Kalau pagar tak tinggi, ia khawatir kejadian buruk kembali terulang. Waktu itu, Mei 1998, ribuan massa yang beringas sudah mendekati kompleks perumahan setelah membakar dan menjarah Mega Mal Pluit dan Wallmart yang berada di kawasan Pluit Estate. Hanya karena kehadiran 300 pasukan Brimob, elite kepolisian, massa yang beringas itu urung masuk kompleks Pluit. Belajar dari pengalaman semasa rusuh itulah, warga sadar bahwa mereka harus melindungi keluarga dan rumahnya sendiri.
Tapi Surjoedi tak sendiri. Di seantero Jakarta, hampir semua keturunan Tionghoa, yang sangat cemas akan keselamatannya, memilih membangun pagar pengaman di sekeliling rumah. Tengoklah di perumahan-perumahan mentereng seperti di Sunter, Kelapa Gading, Purikembangan, dan Pantai Mutiara. Sebagian lagi melengkapi rumahnya dengan alat-alat pengaman elektronik semacam alarm dan kamera, atau bahkan memelihara anjing herder sebagai penjaga—kini, harga anjing penjaga itu melonjak drastis.
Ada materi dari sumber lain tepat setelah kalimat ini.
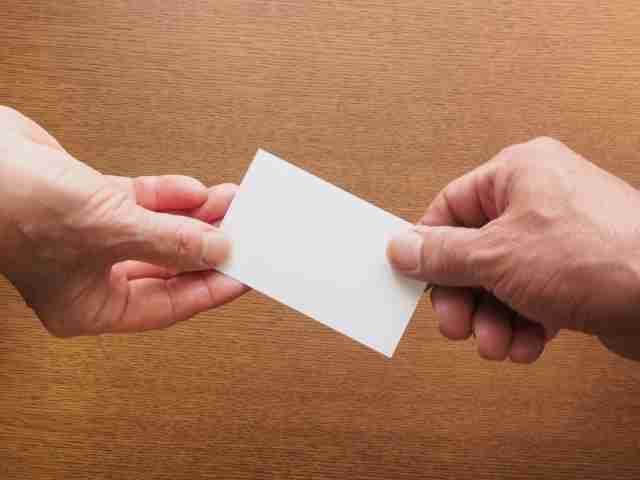 いつも見かける男性から連絡先を渡された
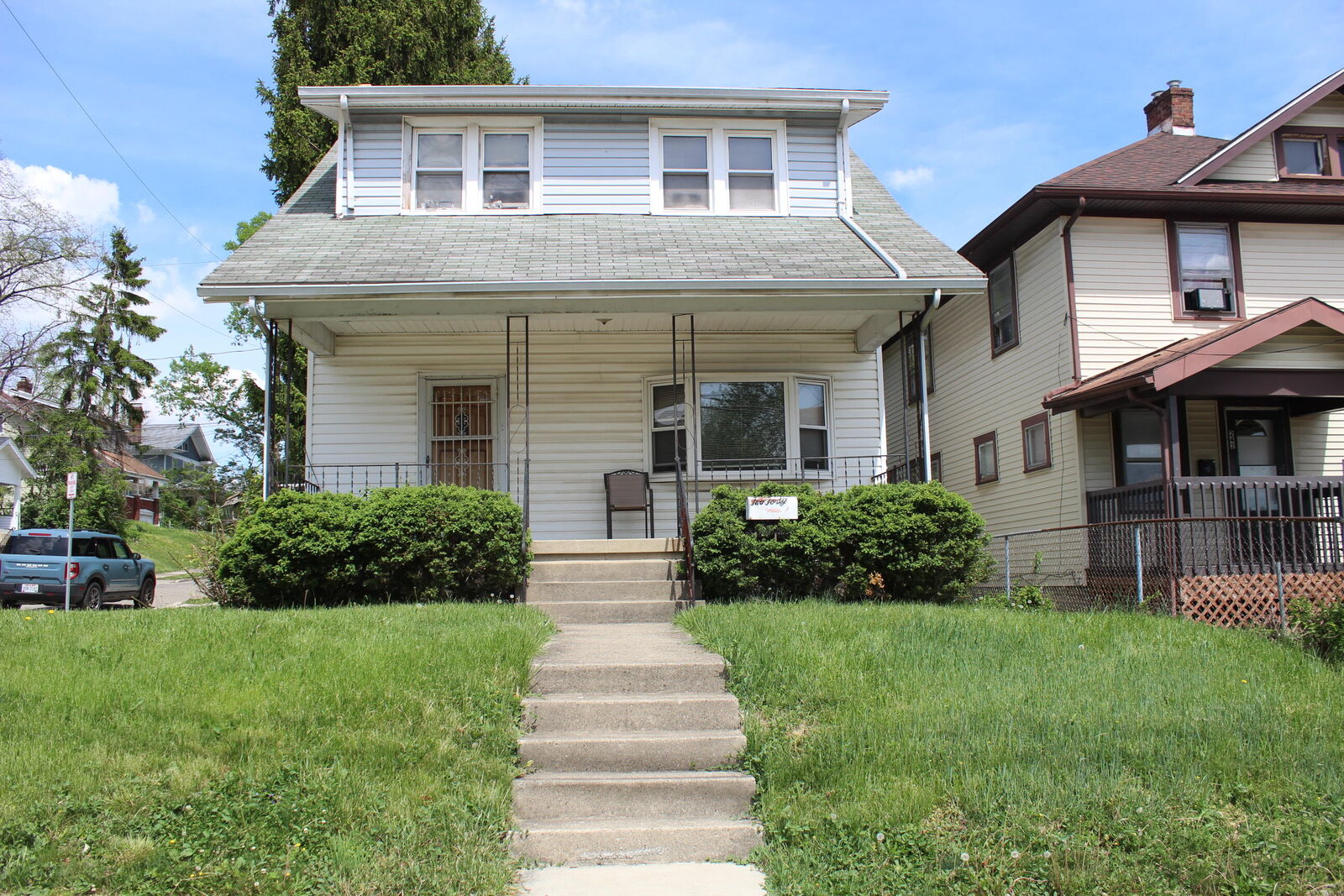 Property Photo:  240 E McCreight Avenue  OH 45503 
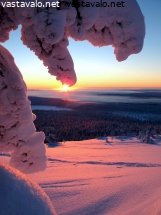 auringonlasku-ja-kurkistus-eramaahan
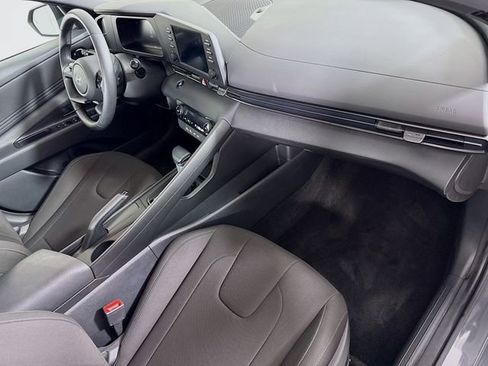 Certified 2025 Hyundai Elantra Sport w/ Cargo Package image 28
Padahal ongkos keamanan itu tentu tak sedikit. Menurut Surjoedi, biaya untuk meninggikan pagar rumahnya yang terbuat dari tembok batu dan di atasnya diberi besi tajam seperti ujung tombak itu lumayan gede. Ia dan istrinya terpaksa melupakan kesempatan berlibur bersama keluarga ke Singapura karena uangnya habis dipakai meninggikan pagar. "Akhirnya istri dan anak saya hanya pergi ke Bali," ujar Surjoe.
Sementara itu, Christin Susianto, warga Perumahan Danau Indah Sunter, Jakarta Utara, mengungkapkan kepada Arif A. Kuswardono dari TEMPO bahwa dirinya terpaksa merogoh kocek sekitar Rp 35 juta untuk membentengi rumahnya. Rachmat Kurniadi di Kalibata, Pasarminggu, Jakarta Selatan, mengeluarkan anggaran sekitar Rp 8 juta untuk merenovasi ruko dan pagarnya. Hitung saja bila di Jakarta ini ada seribu orang seperti Surjoedi, Christin, atau Rachmat.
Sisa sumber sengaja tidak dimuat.